There are also conceptual benefits, once you move beyond these kinds of prosaic organizational information and start to consider humanities texts and the ways they might be studied in a digital environment. Making an explicit representation of significant textual structures and content features enables you to treat the text as an object of analysis: literary analysis, historical analysis, rhetorical analysis, linguistic analysis, etc. Even simple digital activities like searching are more effective when they can be focused through structural markup. In even a moderately sized text collection like the WWP, being able to limit the scope of a search to a single textual feature (find a word only within verse lines; find a word only in the footnotes) or to exclude certain features (find a word anywhere except the footnotes) can be a huge advantage. In a large collection, it may make the difference between useful and useless results.

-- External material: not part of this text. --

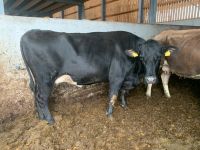 Angus Mutterkühe zu verkaufen Niedersachsen - Steinfeld Vorschau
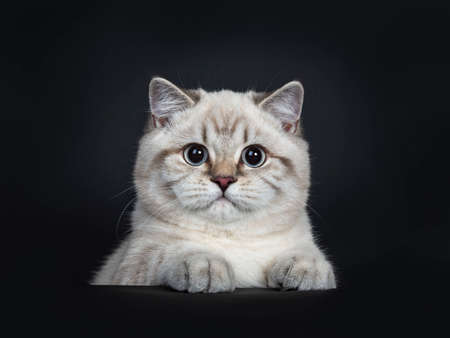 Super cute blue tabby point British Shorthair cat kitten sitting behind black box, looking at camera with light blue eyes and paws on box. Isolated on black background.の写真素材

The experimentation with scholarly text encoding that has taken place over the past fifteen or more years has demonstrated its value and has also prompted deeper critical reflection on the nature of digital representations. In particular, it has become clear that for many kinds of documents that are central to humanities research, the relationship between the informational structure of the document and its presentational detail is more complex than the assumptions described above would suggest. The assumption that presentation consistently reflects structure is clearly false in many older texts. The most vivid example is the cases where typesetting constraints cause the relineation of verse as prose and vice versa in the setting of drama. But one also sees huge numbers of cases where the formatting of headings, quotations, and other features is completely variable, either through accident, or carelessness, or practical constraints such as the need to fit more or less onto a given page. Similarly, the assumption that presentation is functional and is intended to represent the document’s structure bears reexamination. In many types of texts, presentation may well be decorative rather than (or in addition to being) functional: it may exist to comment on, ironize, adorn, or distract from the content. Further, there has been an important line of commentary within both editorial theory and text encoding theory, arguing that the distinction between an essential or fundamental content and a variable or inessential presentation is suspect: that in fact the presentation and the physical substance of the document are constitutive of meaning and inseparable from it.

Perhaps most importantly, in many kinds of documents (older texts, manuscript materials, and books that deliberately foreground and play with their own design), the material and visual presence of the document itself may itself be among the most significant features from the standpoint of scholarly research. Even if one were to regard presentation as secondary, for humanities scholars it turns out to be a very important secondary. Indeed, what may be most useful is not a representation that foregrounds presentation at the cost of structure, but rather one that can represent both in ways that allow them to be used effectively in research. Finding ways of doing this is now a significant research topic within the scholarly text encoding world.